> _The problem_:
Exact reproduction required: print each line of the material below.

> _Data section_:
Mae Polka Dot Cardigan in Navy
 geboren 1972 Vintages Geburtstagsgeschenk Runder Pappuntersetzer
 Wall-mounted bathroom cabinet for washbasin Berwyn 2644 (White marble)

> _Exercise output_:
Mae Polka Dot Cardigan in Navy
 geboren 1972 Vintages Geburtstagsgeschenk Runder Pappuntersetzer
 Wall-mounted bathroom cabinet for washbasin Berwyn 2644 (White marble)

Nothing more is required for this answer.